Swaddled from head to toe in cold weather gear, we meet our friend who drives us to the hunting grounds north of the city. Upon arrival, we’re greeted by a group of about 20 men, all dressed in pink, red, and orange and roasting sausages over a campfire. I think they’re a little surprised to see me but they tell me that last year there were a couple of women hunters in their group, so I don’t feel so out of place. I learn that many of these hunters have been meeting here on these same grounds for almost forty years. The presence of a couple of younger-looking faces tells me that the next generation is also being schooled in the ways of the forest.
After a cup of coffee, we’re given our marching orders by our hunt leader, an experienced hunter who not only looks after our group but also carefully coordinates the movements of several other groups scattered throughout the forest. I’m given a red hat, which I learn is a mandatory part of the hunting uniform, and a pair of wellington boots. Half of our group heads out for a field on the other side of our patch of forest. They will be the shooters and will be on the lookout for any sign of a moose. The rest of us will stay behind and form a line, walking through the forest in order to try to flush the moose out towards the shooters. This being Finland, the logistics are handled by mobile phone.
Our group fans out at the edge of the forest. I find our position on the line and wait for the signal to move. Everyone else carries rifles with them but we are armed with only a compass. We’re given the signal and we head out. The thought runs through my head that walking towards a group of people with loaded rifles in their hands pointed in our direction is perhaps not the smartest thing I’ve ever done but I trust in the level-headedness of our shooters and continue on.
We’re too far away from the other members of our group to see them, but we can hear their voices ringing out down the line, "OI-JOI!" in an effort to stir up the wildlife. We join our voices with theirs as we go. I have to say that my enthusiasm for shouting has less to do with stirring up wildlife and more with trying to distinguish myself from the moose in the eyes of the hunters.
We make our way through the woods and as we go we pass an ant hill about waist-high, now dormant for the winter. A little further on we spy a mound of pine cones, most likely the remains of a squirrel’s latest feeding frenzy. Black-capped yellow tits and pied flycatchers fly boldly towards us and perch on the lower tree branches to get a better view of these strange, lumbering, red-headed beasts. I stoop down to collect some blueberries and lingon berries, frozen but still delicious. We come to some very boggy ground and a couple of times I sink into the watery ooze. I gain a better appreciation for the moose who, with their long, graceful legs, can delicately pick their way through this difficult terrain.
Now we approach the field. I nervously start shouting louder just to make sure that the shooters know where I am. A voice calls out from some distance away, guiding us to a better route through the swampy ground. In a few minutes we have rejoined the other drivers and shooters. No one has seen any sign of moose except for a few old tracks in the snow. Try another location. On the way to our next destination, I learn that one of the hunters in our group has a dog with him that has a GPS tracking device in its collar.
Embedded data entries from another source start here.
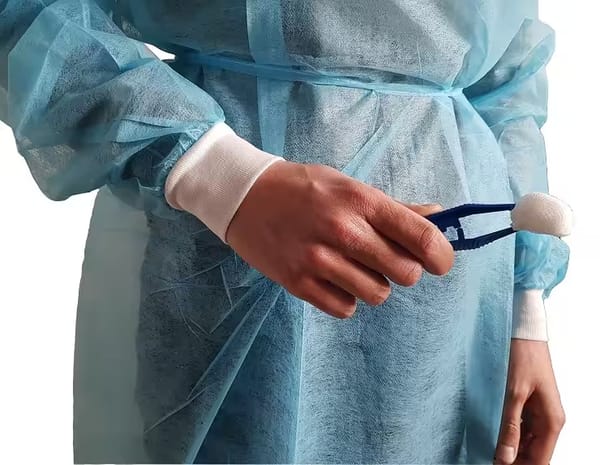 Isolation gown with cotton cuffs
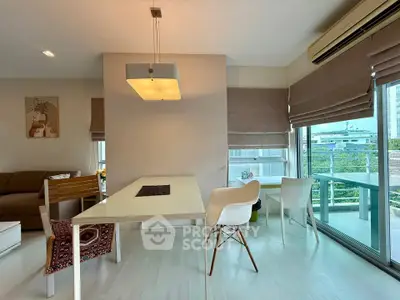 Modern living room with stylish dining area and large windows offering natural light.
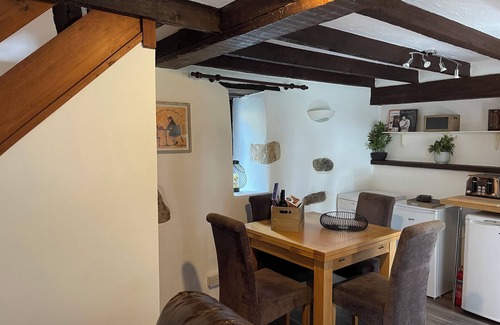 Lanhydrock Cottage | Oozing charm! Character Cottage - Dog Friendly With Luxury Hot tub & Log Burner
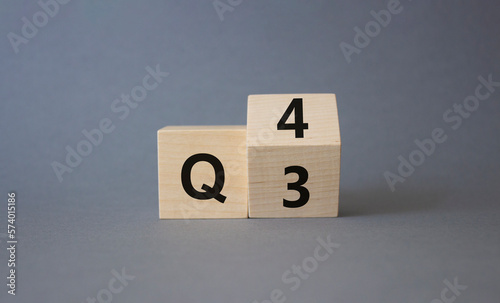 From 3rd Quarter to 4th symbol. Turned wooden cubes with words 3rd Quarter and 4th Quarter. Beautiful grey background. Business and Quarter concept. Copy space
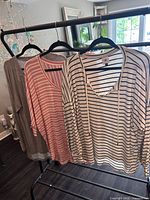 Three Cabi tops on hangers: gray tunic, peach-pink striped dolman, cream-black striped V-neck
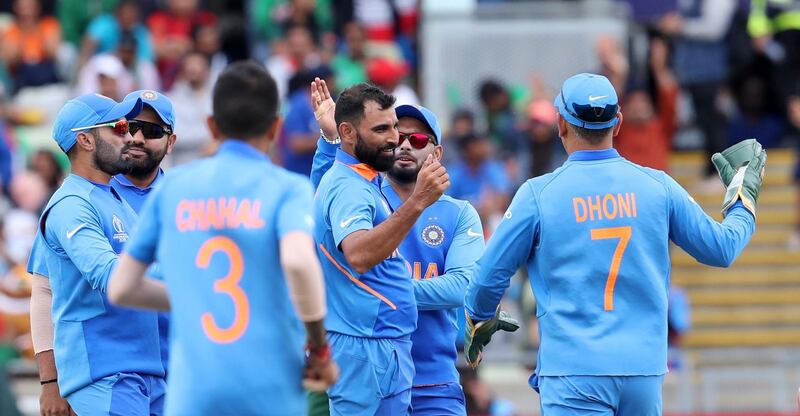 India's Mohammed Shami celebrates after the dismissal of Bangladesh's Tamim Iqbal during the Cricket World Cup match between India and Bangladesh at Edgbaston in Birmingham, England, Tuesday, July 2, 2019. (AP Photo/Rui Vieira)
The dog is trained to start barking loudly when it finds a moose in order to keep it at bay until the hunters can move in. The hunter can track the dog’s movements through a map on his mobile phone.
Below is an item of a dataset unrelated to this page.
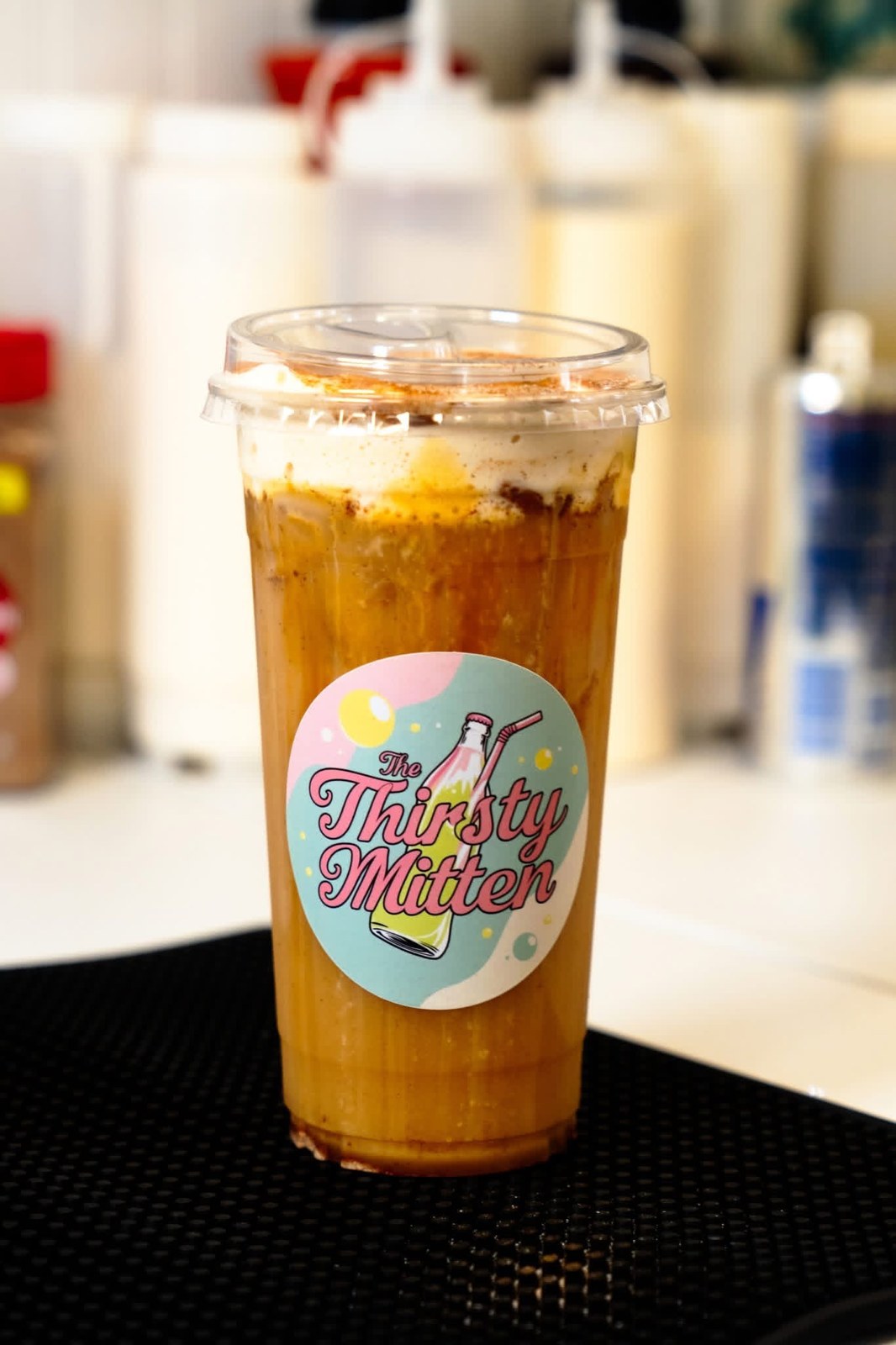 A freshly made Thirsty Mitten drink in a branded clear cup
We arrive at our next hunting spot and this time we have the opportunity to stay with the shooters. Standing in the middle of a field, we chat quietly until the shooter motions to us to quiet down. He has heard something. He loads his rifle, cradles it in his arms, and looks intently in the direction of the woods. We stand so still that we can hear the wind gently blowing through the grass and a few wild birds scampering up and down the trees. My heart beats wildly with anticipation.
After what seems like ages, but is probably only a half an hour or so, we hear some movement. Suddenly, a red hat flashes into view at the other end of the field. The drivers are back. It seems that they have had a glimpse of the moose but it has managed to evade them. I’m not sure if I’m more disappointed that I haven’t gotten to see this sylvan giant or secretly a little happy that the underdog has won today.
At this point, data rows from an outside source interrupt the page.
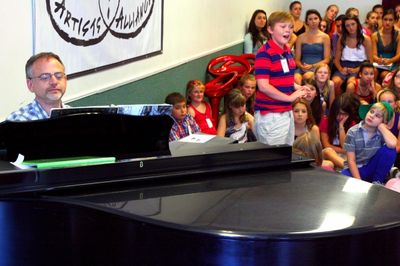 Marc Shaiman accompanies a student Photo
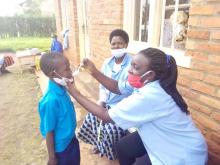 CHW providing deworming tablet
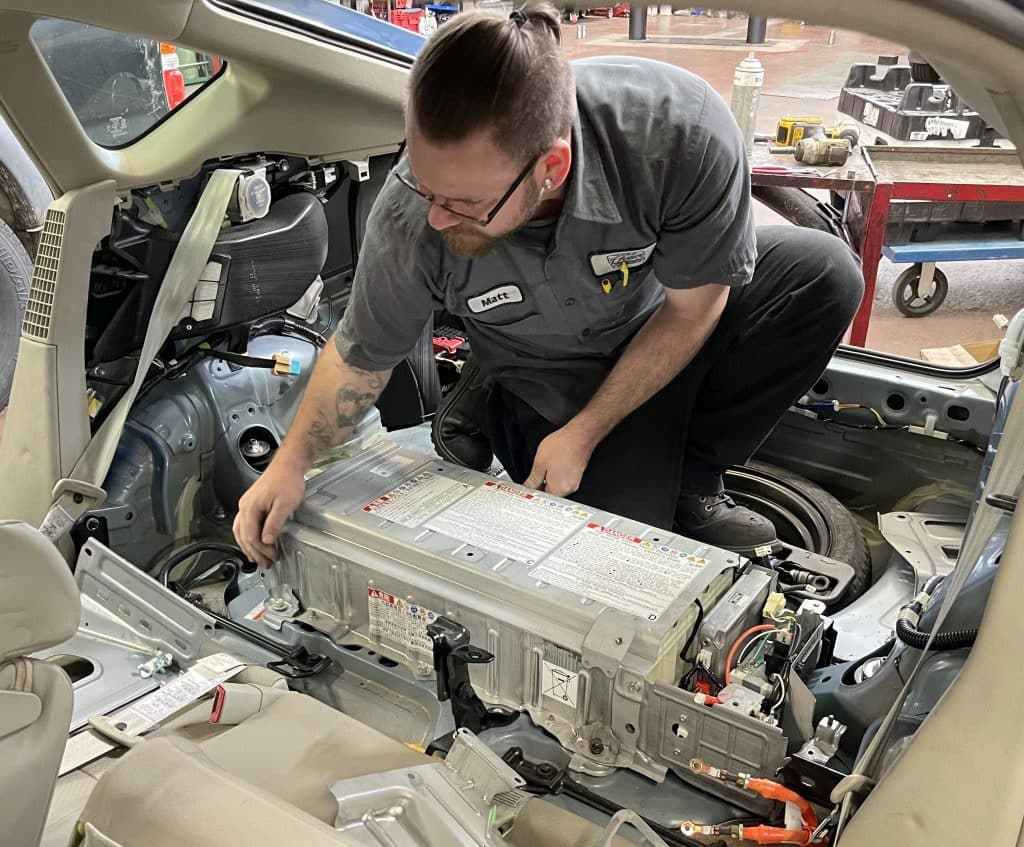 Matt removing a high voltage hybrid battery pack from a 2008 Prius.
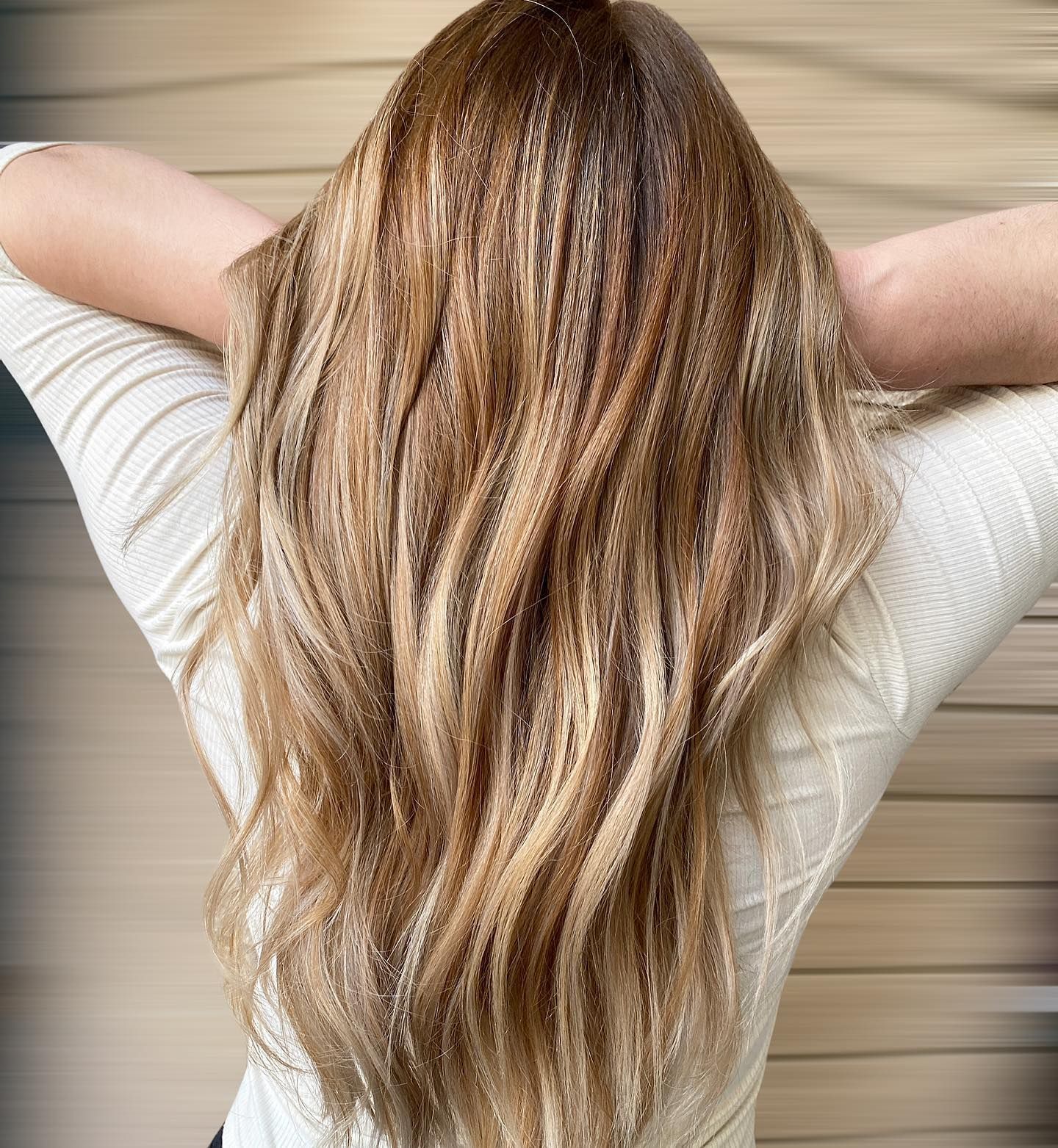Woman with long, wavy, highlighted brown hair. Arms behind head, wearing a white textured sweater.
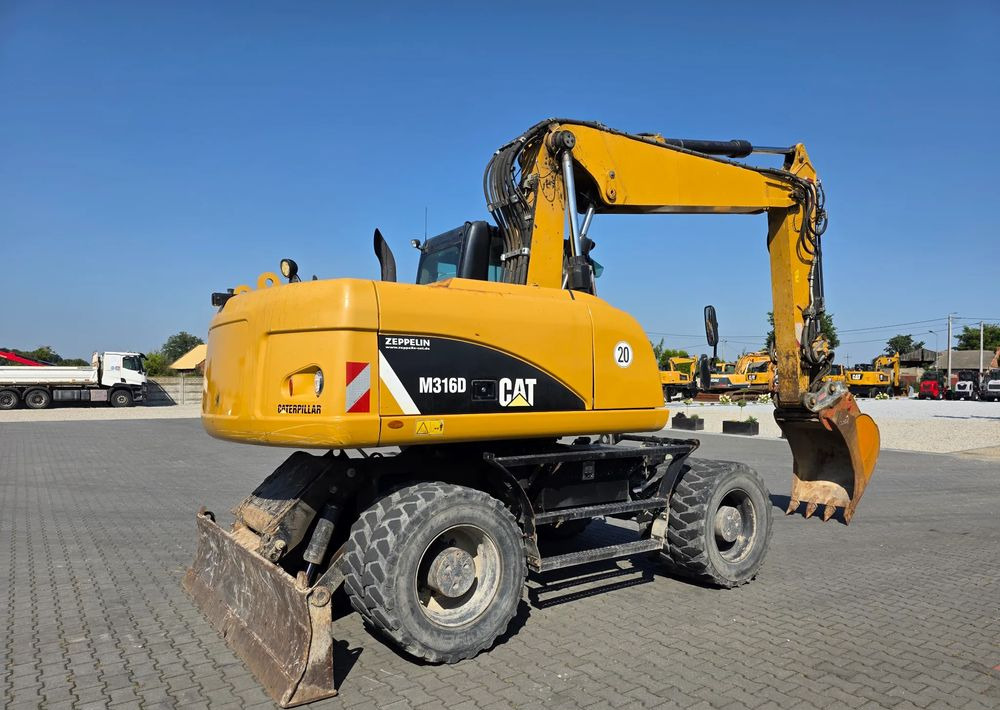 Caterpillar M316D, 2014 ROK, SZEROKIE MOSTY 275 CM, BEZ DPF i ADBLUE - Bager na kotačima: slika Caterpillar M316D, 2014 ROK, SZEROKIE MOSTY 275 CM, BEZ DPF i ADBLUE - Bager na kotačima Caterpillar M316D, 2014 ROK, SZEROKIE MOSTY 275 CM, BEZ DPF i ADBLUE - Bager na kotačima: slika Caterpillar M316D, 2014 ROK, SZEROKIE MOSTY 275 CM, BEZ DPF i ADBLUE - Bager na kotačima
For us, the hunting day is over and our friend gives us a lift back to town. Most of the other hunters will head for their moose towers to spend the afternoon watching, waiting, and hoping for a big one to come along. We stop for lunch at our friend’s house and I reflect on how my image of a Rambo-esque shooting spree has been replaced with something that has more to do with communal effort and relationships. On the table, sandwiched between the usual rye bread, margarine, and cheese is a plate of last year’s moose catch. Of course, I sample some.